Dunn, who died Sunday while on tour in Tokyo, had already played an integral role in the seminal R&B music of the 1960s. As a studio bassist for revolutionary Stax label, he put a distinctive stamp on the music of artists like Otis Redding, Wilson Pickett, Isaac Hayes and Sam & Dave. As a core player in integrated soul groups like the Mar-Keys and Booker T. & the MGs, he helped pen some of the most memorable instrumentals of modern pop music.
Dunn's musical roots had a lot to do with where he grew up. Born in 1942 in Memphis, Tennessee, Dunn spent his childhood in a place that would come to define pop music in the 1960s. Against the wishes of his father -- who gave him his nickname after the Disney cartoon character -- Dunn made music an early ambition, hanging out as a teenager at the refitted movie theater with the words "SOULSVILLE U.S.A" spelled out on the marquee.
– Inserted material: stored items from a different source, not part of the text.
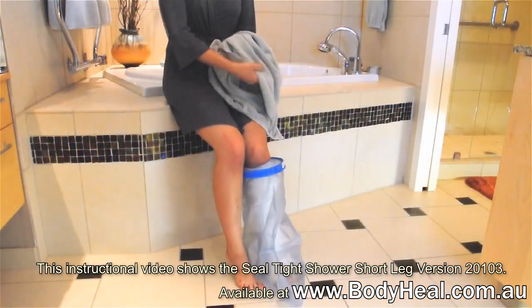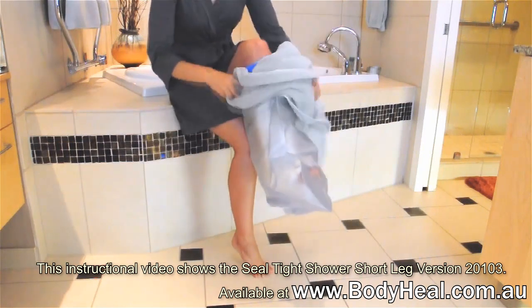Removal is easy. Just dry the protector thoroughly before stretching the seal over the cast.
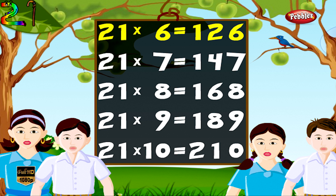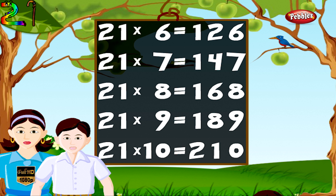21 6s are 126, 21 7s are 147, 21 8s are 168, 21 9s are 189, 21 10s are 210.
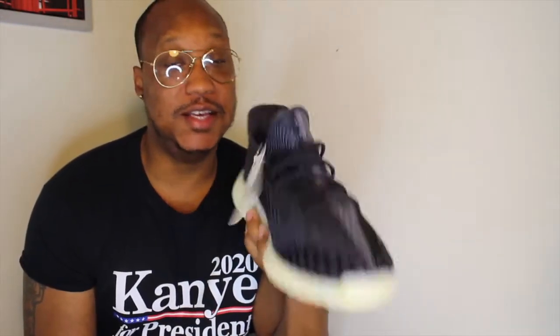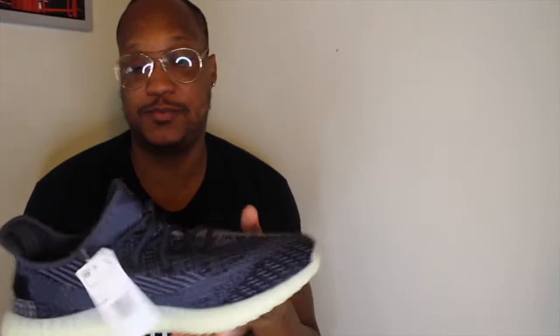we're going to talk about the Yeezy Carvins. Of all the colorways they've come out with in the last year or so, this is probably got to be in a lot of guys' top three as far as 350s go.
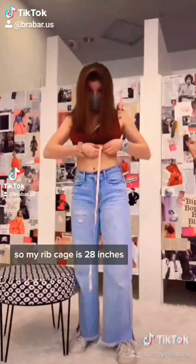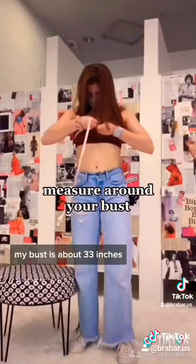My bust is about 33 inches. So then I'm going to do 33 minus 28, and that is going to give me a 28 Double D.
Jam sessions with Stax musicians like guitarists Charlie Freeman and Steve Cropper, Packy Axton and sax player Don Nix would quickly turn from a casual hobby to a professional career.
Dunn's path quickly aligned with the growing scene at Stax. He added work for his brother Bobby at the King Records distributorship to his role as a backup bassist. He eventually left high school to become a member of the label's house band, playing bass on decisive cuts like "Last Night" by the Mar-Keys and other tunes for Booker T. & the MGs. His role in the band would win him a lifetime achievement Grammy in 2007.
Dunn was also the bassist for nearly all of Otis Redding's discography, a stunning oeuvre that includes seminal soul classics like "These Arms of Mine," "Respect," "Try a Little Tenderness" and the haunting intro line to "(Sittin' On) The Dock of the Bay." Add to that studio credits for tunes like Sam & Dave's "Hold On, I'm Comin,'" Wilson Pickett's "In the Midnight Hour" and other revolutionary Stax singles, and Dunn's role as an innovator and trend setter is inescapable.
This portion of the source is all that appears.